David, I'm told this building is haunted, have you seen any ghosts?
No, no I remain a skeptic although I hear some people say that they hear strange noises coming from the fourth floor.

How does it feel to be back in Mulder's skin?
It took me a couple of weeks to feel comfortable with the character.

When the series ended did you think about the movie franchise?
It was always my hope that when the series ended we could continue in the movie form.

When you read this script what was your reaction and did you have an input?
We had not talked about specific ideas, but that it would be a stand-alone thriller in the mode of Silence of the Lambs or something like that. We did not want to lean too heavily on what happened to Mulder and Skully. We wanted to re-establish the characters quickly, to make a movie that worked for people who knew nothing about the television series.

It is six years since we last saw these characters, what changes have there been?
I think the gap has been filled in an interesting manner and I think that people will be shocked and hopefully surprised at what happened in those six years.

What's your take on Mulder now?
I don't want to say sex change, perhaps that would be giving too much away. But I look good in a dress.
Seriously, what is the most important change in your character?
Well he is having a crisis; some kind of a career crisis. Definitely in an emotional sense there are things going on in his life in terms of women that could not have happened in the series, but we really didn't delve into the series. I might have to kill myself now that I have said that.

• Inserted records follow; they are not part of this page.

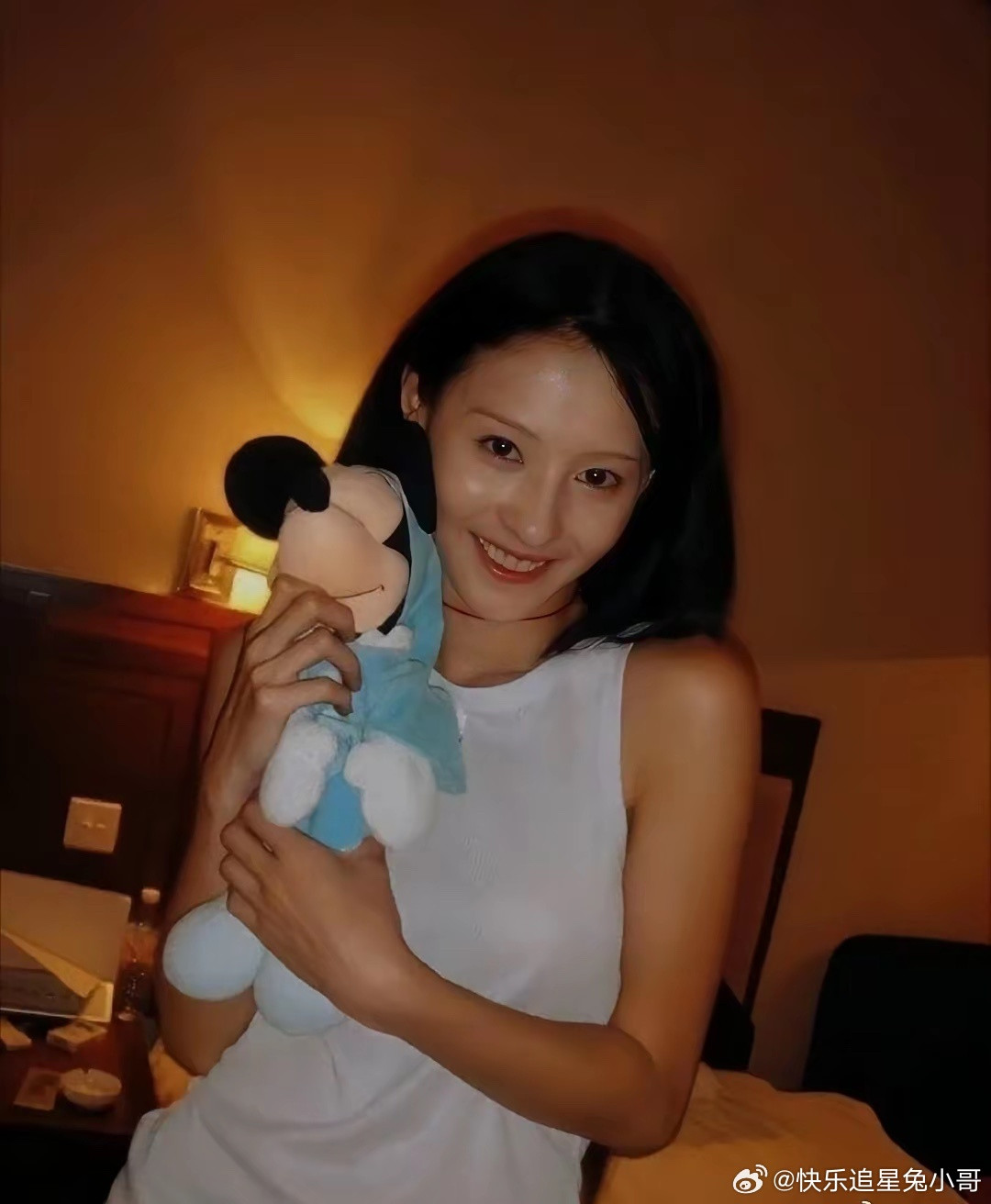 张柏芝当年为了拍无极，剃了原生眉，化了这种眉毛，看着跟大如的好像，看来这种眉毛都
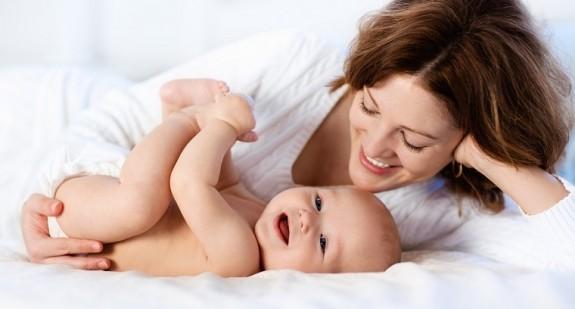 Ulewanie u noworodka i niemowlaka: przyczyny, zapobieganie, ulewanie kontra wymioty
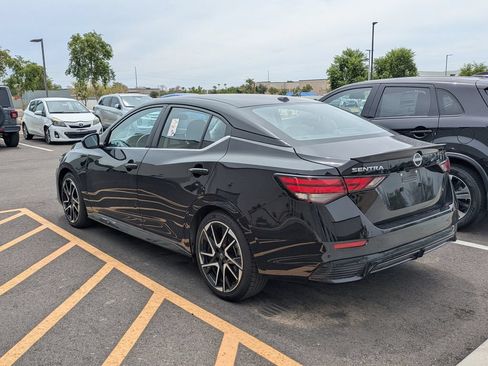 Used 2025 Nissan Sentra SR FWD image 4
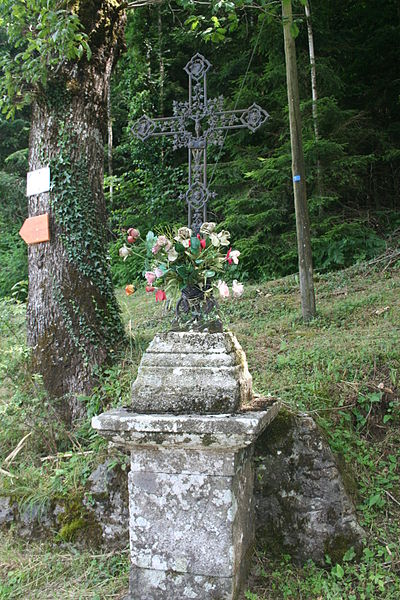 File:Fraisse-sur-Agout croix.JPG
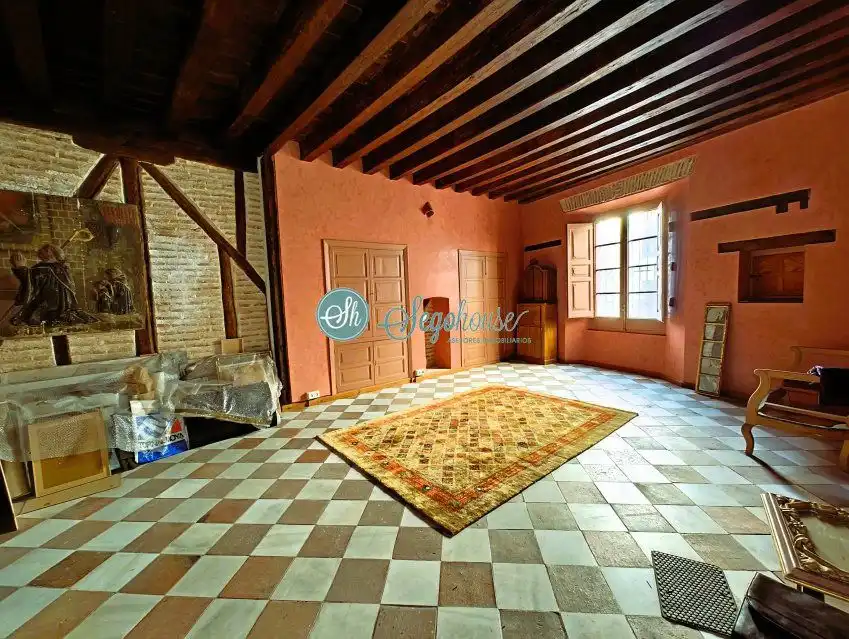 Flat for sale in Segovia  with Heating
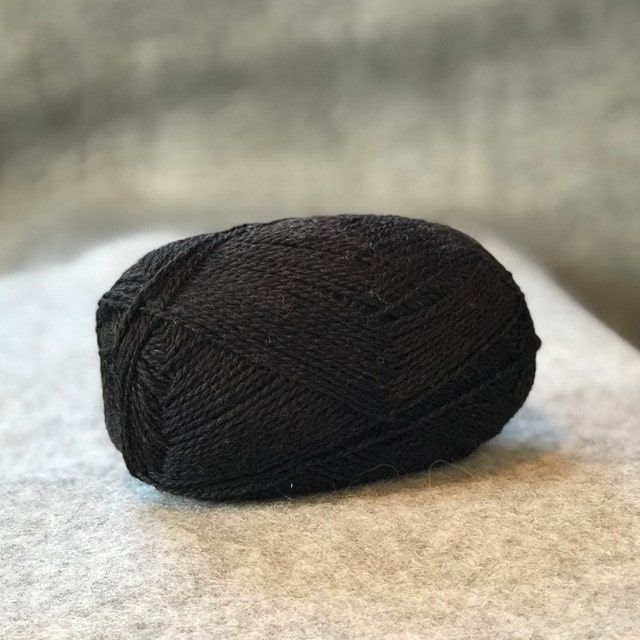 Svart garnnøste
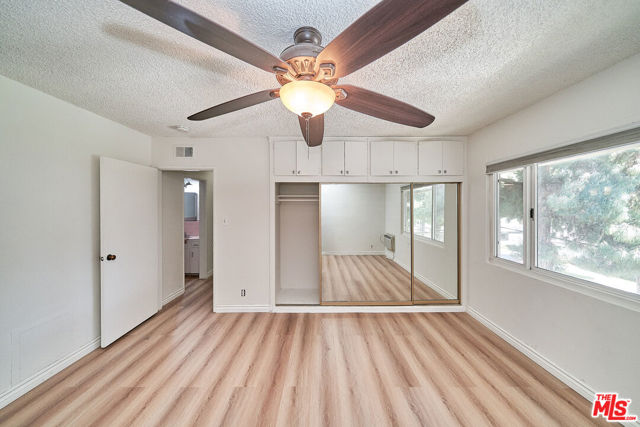 12129 Beverly Boulevard, Whittier CA: https://media.crmls.org/mediaz/18dc531e-00ed-48c1-bf9c-275c97d52cd0.jpg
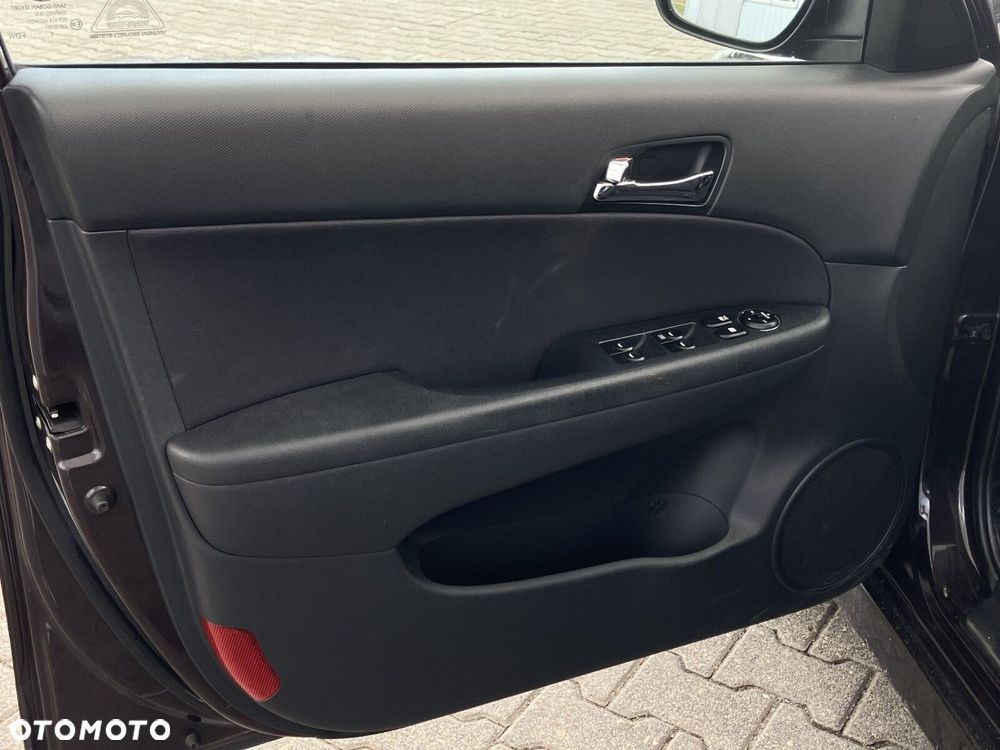 Hyundai i30 1.6 Classic - 12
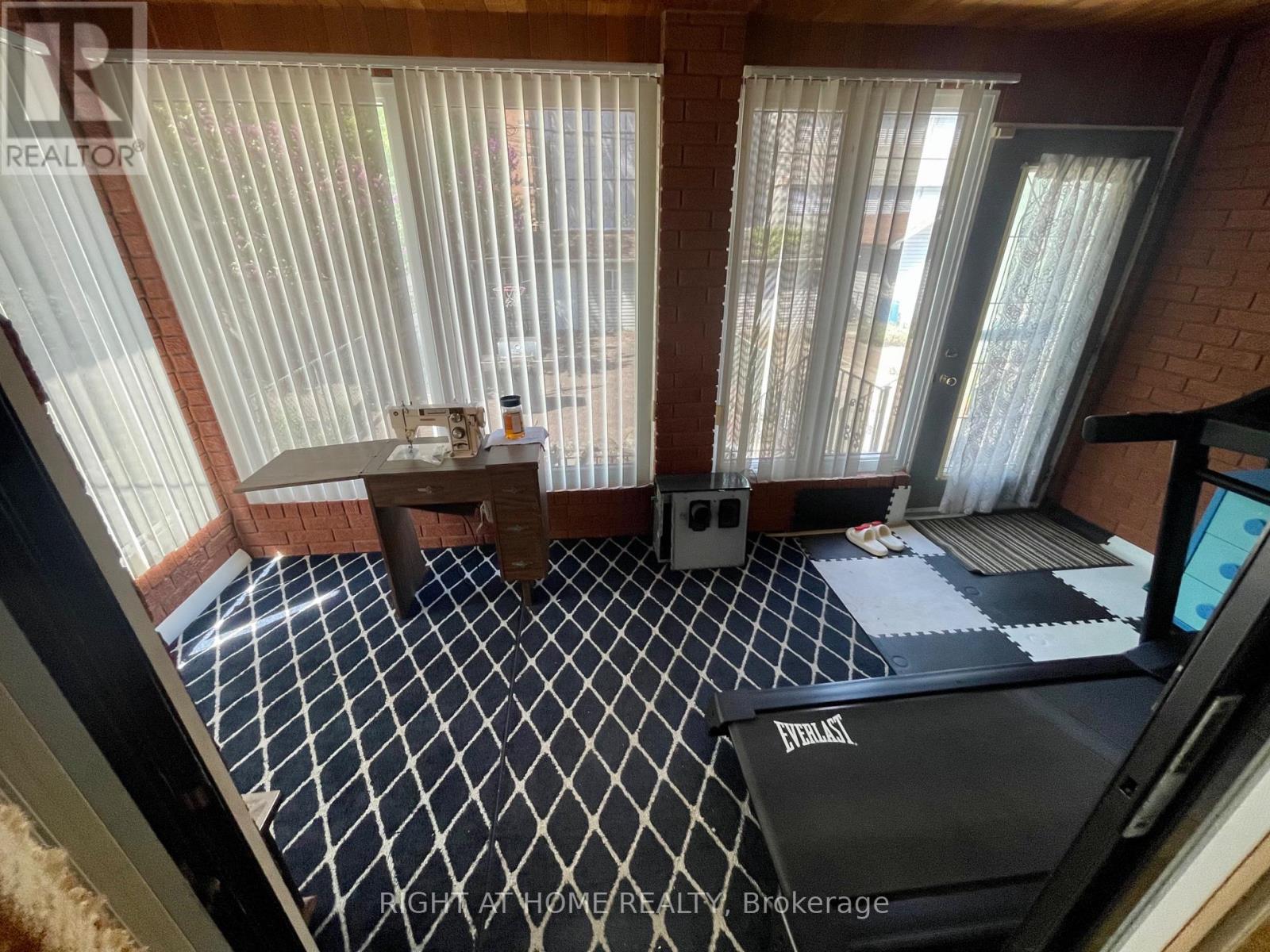 40 BELLEVUE AVENUE - 7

I understand that the budget for this film is $30 million; a rather low figure for a film of this caliber. Did you take a cut in your salary?
Well, we acknowledged that it was not at the height of the television show, that there was not the demand that might have been four or five years ago. We all wanted to make the best movie that we could and have all the money end up on the screen rather than in our pockets.
So we saw this almost like an audition for the movie franchise. We thought, let's make this the best that we can, let's play by Fox's (studio) rules, if this is the amount of money that they are willing to give us to make the movie, let's take what they are giving and make a great film, make it immensely successful and then we can go on and do what we want to do in the next one, so it is kind of an investment in the future of the franchise.

How has your fan base changed, do you still get fan mail and is there a generation gap?
I don't know, it's been five years. I don't know how fast the world turns but some times it seems like it turns every five minutes and yet you know human nature doesn't really change.
Whether or not we'll get the nostalgia vote or we'll get a vote from people that are discovering it again, or converted fans. I think quality always works, so that is what we are trying to focus on, make some thing good and have it stand on it's own. If you can get the old die hard fans then it has a chance.